Stored data:

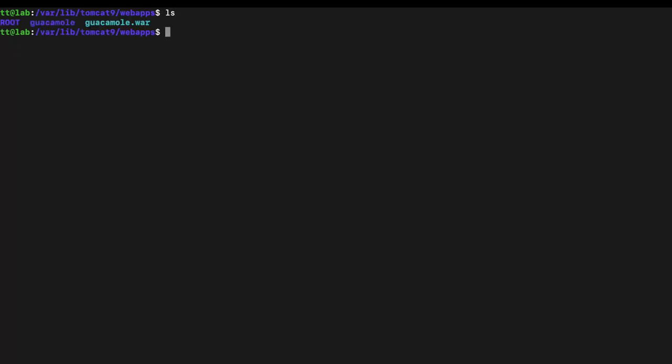Once you're in there, run ls to list the files. I'll clear my screen so we get a better view. You can see we have three files here. Before continuing, pay close attention because we don't want to ruin your Guacamole install. What you want to do is back up and then delete the guacamole directory.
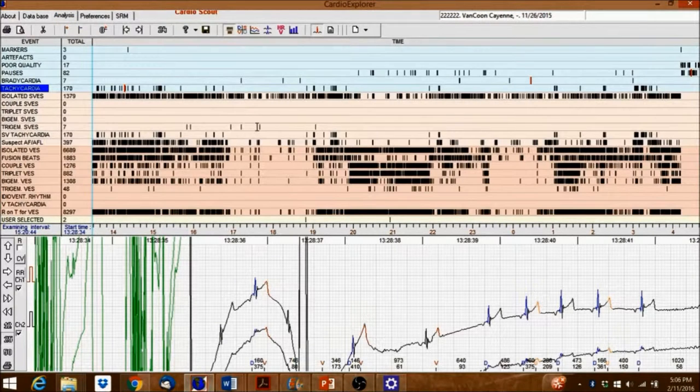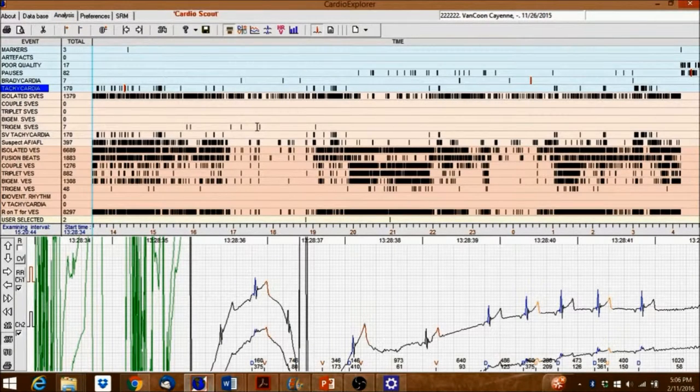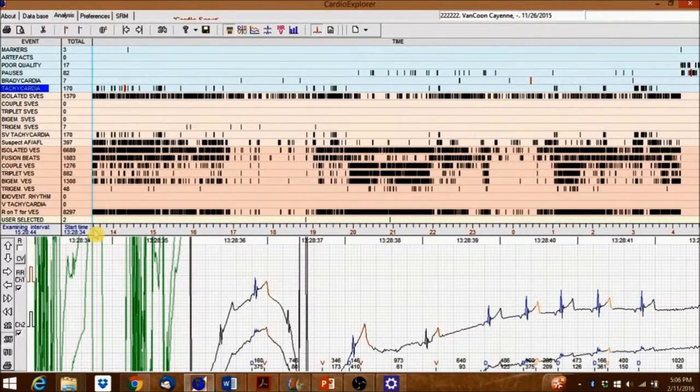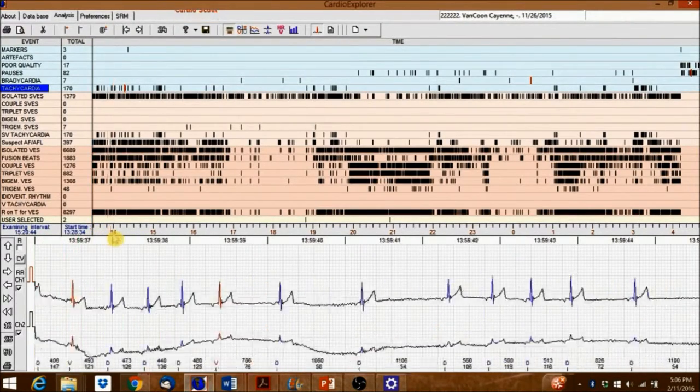Left-click inside the horizontal scroll bar to manually move through the recording.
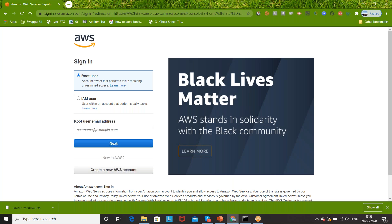Hey guys, this is Naveen here. Welcome back to Naveen Automation Labs. This is the third part on AWS. I've been uploading so many videos back to back because I'm loving it.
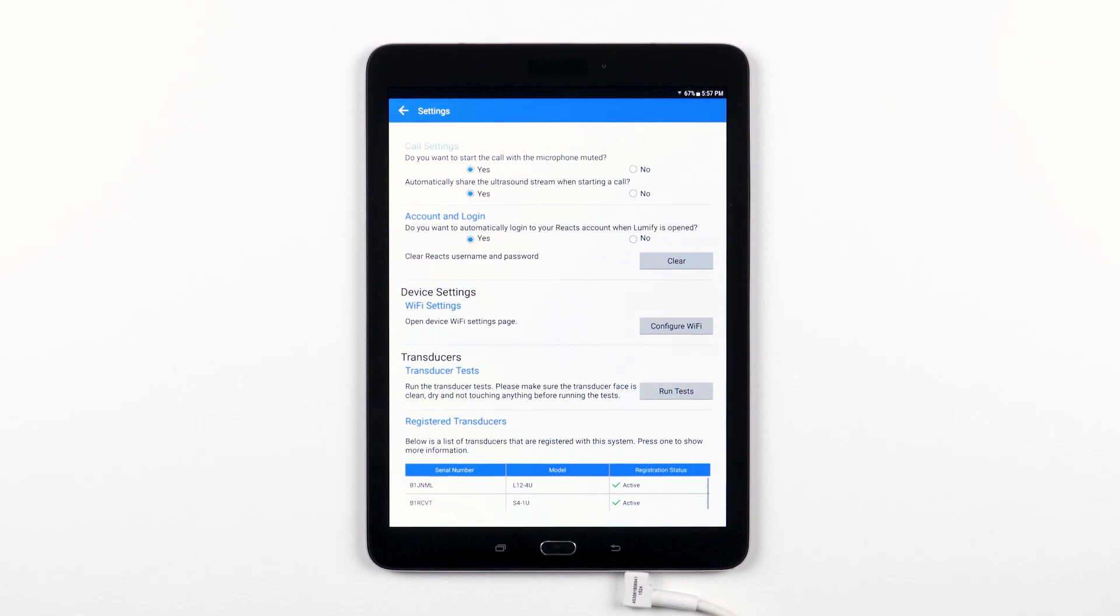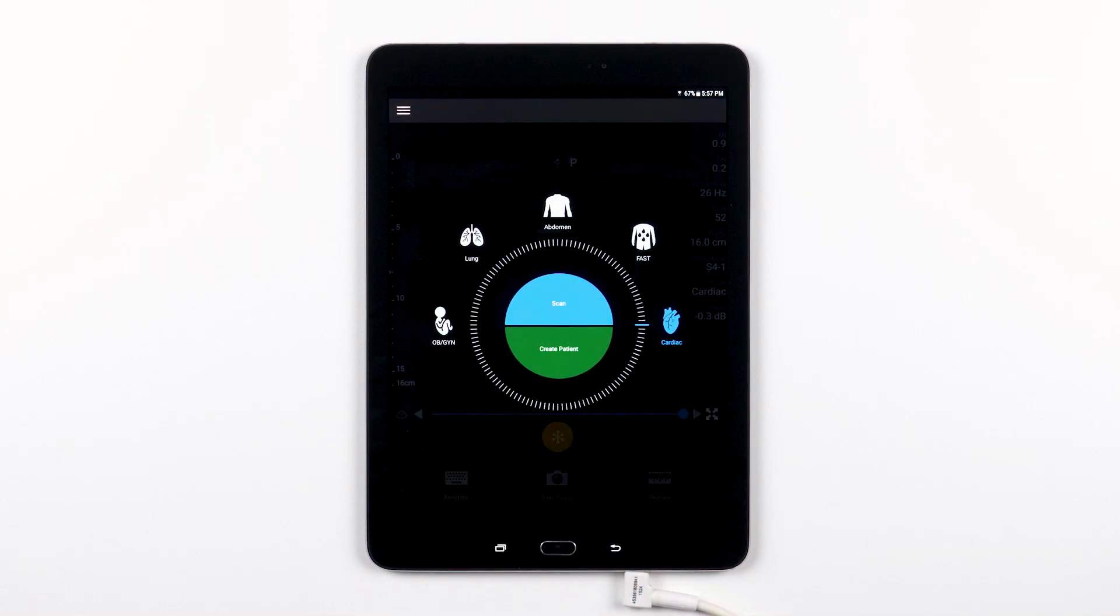Now that you are familiar with what is included in the Lumify settings menu, you know where to go to ensure you are making the most of your Lumify ultrasound system.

Your instructions: Write out exactly the lines from the line that contains "Hey guys, this" through the end of the material, including both ends. No pictures belong in the copy.

Answer area:
Hey guys, this is Naveen here. Welcome back to Naveen Automation Labs. This is the third part on AWS. I've been uploading so many videos back to back because I'm loving it.
Now that you are familiar with what is included in the Lumify settings menu, you know where to go to ensure you are making the most of your Lumify ultrasound system.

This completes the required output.